Hello everyone, and thanks for that template. That’s a very good idea !
I am still struggling with this cluster / load balancer since my previous post.
Things moved and I fixed some stuff - Thanks @gsmith !
I was trying to get sidecars for Linux and Windows to work behind an NGINX loadbalancer, but I couldn’t make it, so I gave up (problem explain in the previous topic).
I then decided to use rsyslog for Linux. It was faster at first, not as convenient but Linux native. So I could totally work with that.
And for Windows, I tried NXLog. Which is pretty good too and work well with Windows event manager.
But, I can’t send those logs to my Graylog cluster through my NGINX Load Balancer. I’ts been days and days…I’m propably doing things wrong : feel free to tell me !
Description of your problem
- I can’t get rsyslog and NXlogs to send log files via the NGINX load balancer.
- The connection between rsyslog clients and the NGINX load balancer initializes correctly when starting the rsyslog service, but it seems that error messages come when I end the SSH connection.
- If I bypass the load balancer to send the logs directly to one of the Graylog nodes, I get the logs without any problem, without losing the connection.
- I’m still getting logs from NXLog, but it can’t seem to make a decent connection.
- I have no problem with other inputs using the same NGINX configurations (RAW UDP, PAN OS).
Description of steps you’ve taken to attempt to solve the issue
This setup is already a “backup plan”: I can’t send the logs over TLS in the loadbalancer. This works fine on my pre-production server, where Graylog / MongoDB and Elasticsearch are on the same machine.

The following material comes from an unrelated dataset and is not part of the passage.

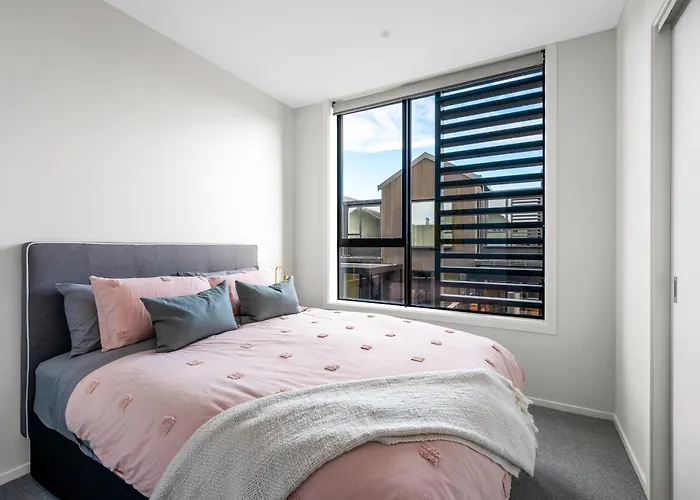 Modern Townhouse With Outdoor Fireplace Sleeps 8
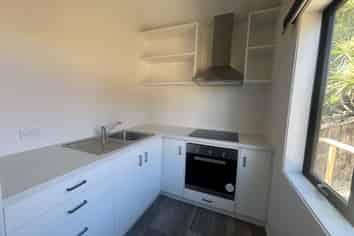 b/27 Chadwick Place, Highbury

But first things first, I’m first trying to make this work.
- Tried to use a more traditional format for rsyslog.
- Reloaded rsyslog.service
- Reloaded NGINX
- Stop / Start Input
- tcpdump on the relevant ports
- Sending logs directly to one of the node.
Environmental information
192.168.1.20
= Graylog UI Load Balancer- Apache
192.168.1.21
= Graylog Inputs Load Balancer - NGINX
192.168.1.22
= Graylog Node 1
192.168.1.23
= Graylog Node 2
192.168.1.24
= Graylog Node 3
192.168.1.25
= Elasticsearch 1
192.168.1.26
= Elasticsearch 2
192.168.1.27
= Elasticsearch 3
Configuration Files
/etc/rsyslog.d/my.conf
*.* action (
type = "omfwd"
target = "192.168.1.21"
port = "10514"
protocol = "tcp"
template = "RSYSLOG_SyslogProtocol23Format"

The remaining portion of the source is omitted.